I should explain. Where I live, my high school is so crowded, the whole place has been split up into separate schools, which are named by color.
Green School- The best one, and not just because I'm in it. The focus is on both arts and academics, with a high standard on teachers.
Yellow School-Purely academic focus. I was in Yellow School for the first semester of Freshman year, which initially turned out to be the worst semester of my high school career. Gradewise I was fine, but I was a nervous wreck, I had the Short Bastard (my nickname for Branden) in Bio AND Sports Studies. I would walk into both classes ready to piss my pants. Fortunately, I switched out of Yellow School just in time for second semester to roll around. But we're getting off-topic.
Silver School- Athletic and Academic focus.
Blue School- For stupid people. The focus is purely on Athletics, and believe you me, it SHOWS.
Anyway, I do have on secret weapon.
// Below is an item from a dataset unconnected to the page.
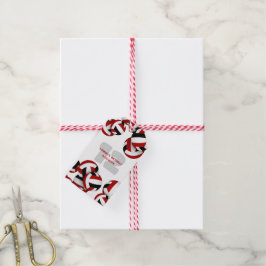 レッドブラックバレーボール子供の誕生日パーティー ギフトタグ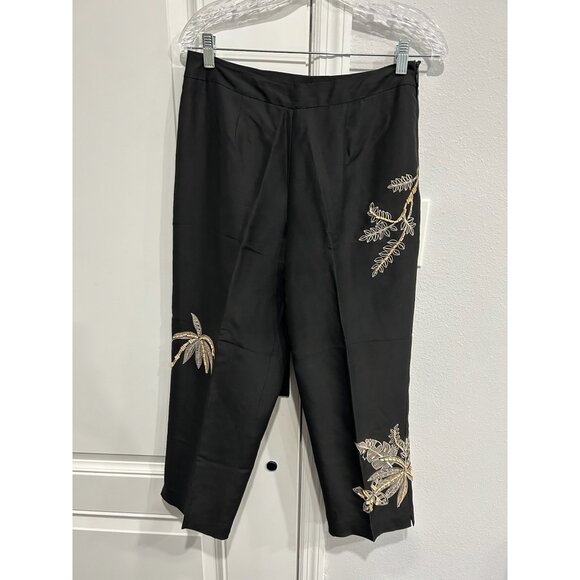 Silkland Small Black Embroidered 2-Piece Silk Pant Suit Palm Leaf Details - Picture 6 of 11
Branden is very sensitive about his height, so unless he's suffered a growth spurt, I have these cutting remarks ready for action.
Hey Branden, when it rains, are you always the last to know?
You're so short your hair reeks of feet.
The one difference between you and a small donkey is that one is an ass and the other is a type of horse.
I know I'm mean, but believe me, it's worth it.